Toujours est-il que tous les ans, immanquablement, aux alentours de 14 heures le 24 décembre, il dressait dans un coin, ce qui semblait être un petit autel aux dieux de la gourmandise. Tantôt sur un guéridon près de la table de la salle à manger, tantôt sur des étagères de la grande bibliothèque qui se trouvait pour l’occasion débarrassée de ses livres.
Je crois, au fond, qu’il prenait plaisir à mettre en place ce buffet coloré dans la pièce principale, car cela lançait un peu les festivités. Commençait alors pour nous un calvaire qui durait jusqu’au soir : nous avions interdiction d’y toucher avant le dîner ! Nous passions et repassions devant, admirant chaque élément. Rêvant devant le brillant des fruits confits, imaginant le moelleux des calissons, le fondant des énormes dattes Medjoul. L’odeur des oranges ou des clémentines envahissait tout. Il me faut dire la vérité, les treize desserts de mon enfance étaient parfois vingt-deux, ou sept, selon les années en fonction du temps qui avait pu leur être consacré.
Mon père privilégiait la quantité sur la qualité dans ces cas-là. Il valait mieux faire plus fou, plus coloré, plus énorme, quitte à sacrifier un peu sur le goût. Il fallait que ce soit festif, festif, festif. Et qui sait qui pouvait arriver ! À sa table, quand on préparait pour huit on pouvait nourrir trente. La famille, c’étaient les amis, les amis c’était la famille.

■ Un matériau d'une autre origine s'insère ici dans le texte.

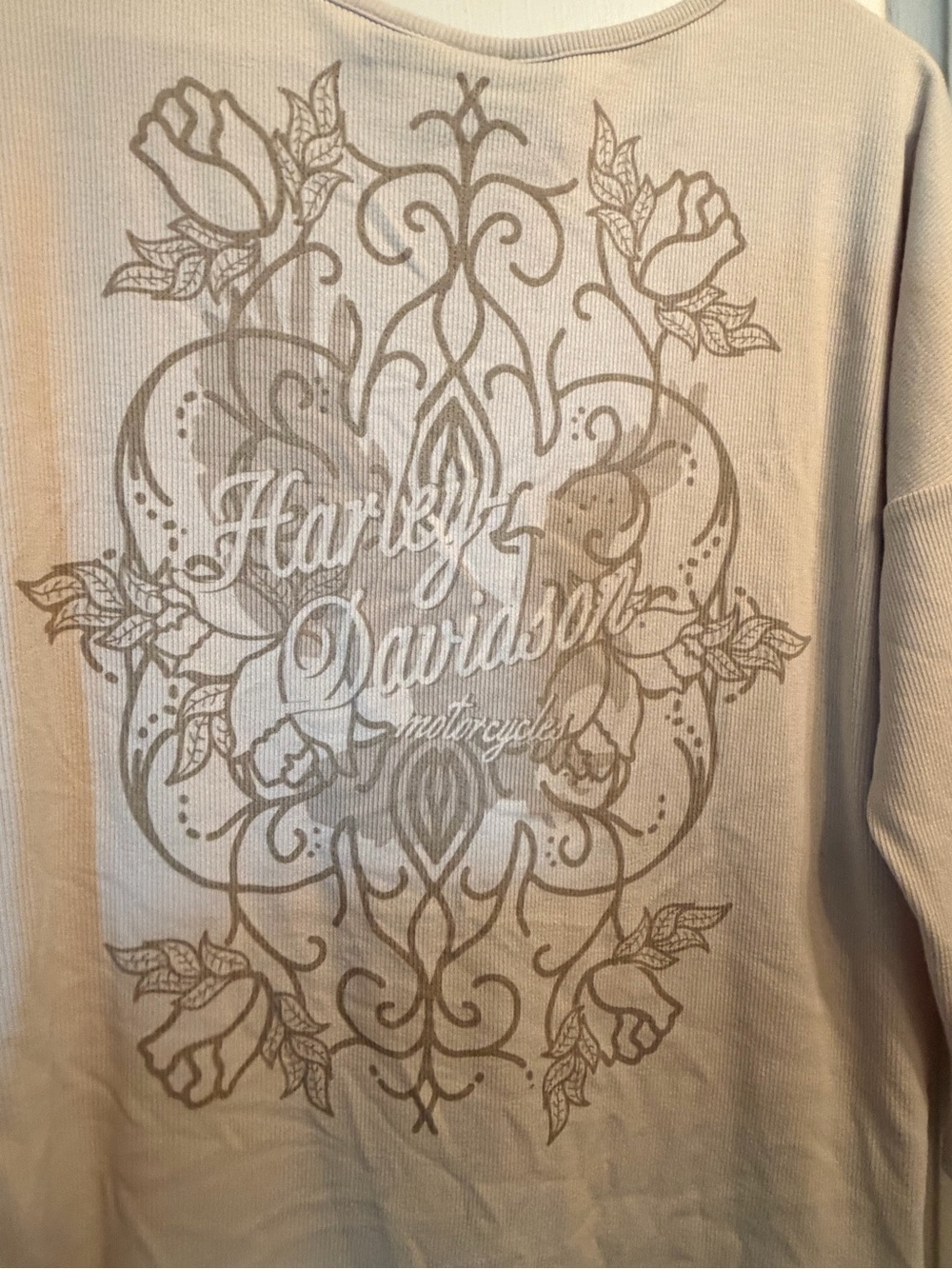 Harley-Davidson Beige and Taupe Floral Logo Top
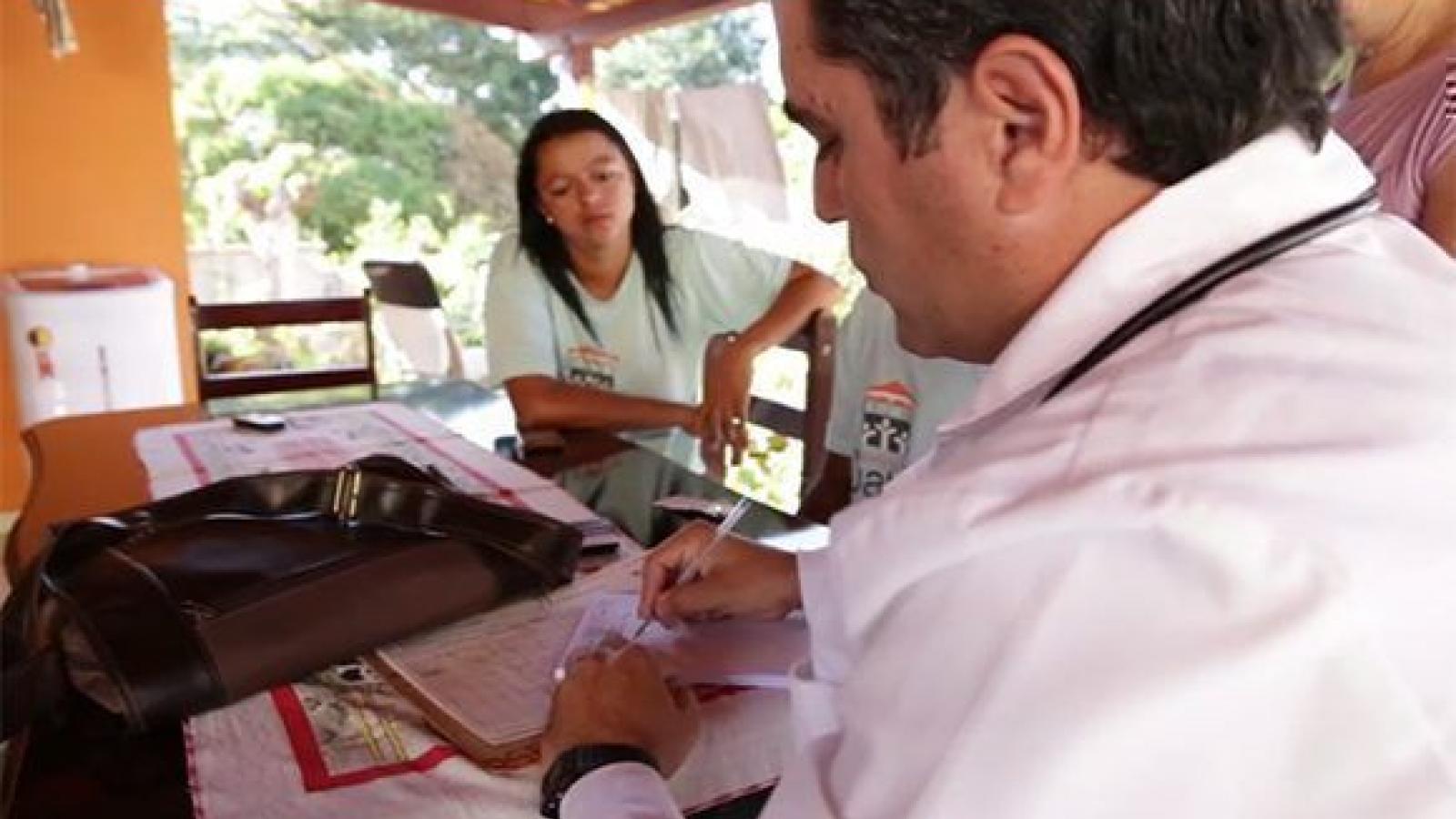 Casi la mitad de los brasileños cree que la salud empeorará sin los médicos cubanos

Et puis à Noël que diable, tout le monde était le bienvenu : les copains de ses enfants dont la famille vivait loin et qui n’avaient pas pu rentrer cette année, le charcutier du supermarché du village d’à côté qui avait confié passer Noël seul, la famille de potes qu’il hébergeait en attendant qu’ils retrouvent une maison. Tant de gens pouvaient être invités au dernier moment. Il fallait avoir de quoi les nourrir.
On n’a rarement eu 200 grammes de très bons petits chocolats, plutôt trois gros plats de confiseries de supermarché. Il n’y a jamais eu de fougasse, il y a toujours eu des litchis. Ce n’était pas exactement les desserts de la tradition. Ou en tout cas c’était ceux de la nôtre. Aujourd’hui que mon père n’est plus, je veille à entretenir sa mémoire au moins une fois par an, à Noël, lorsque c’est à présent mon tour de dresser la table des treize desserts. Je le fais avec mon style à moi, un peu moins brillant, bruyant, mais pas moins plein d’amour. Mes enfants adorent, et moi, de les voir comme ça tendre leurs petites mains vers un plat pour tenter de chiper un mendiant avant l’heure dite, j’ai les yeux qui brillent et je retrouve mon père.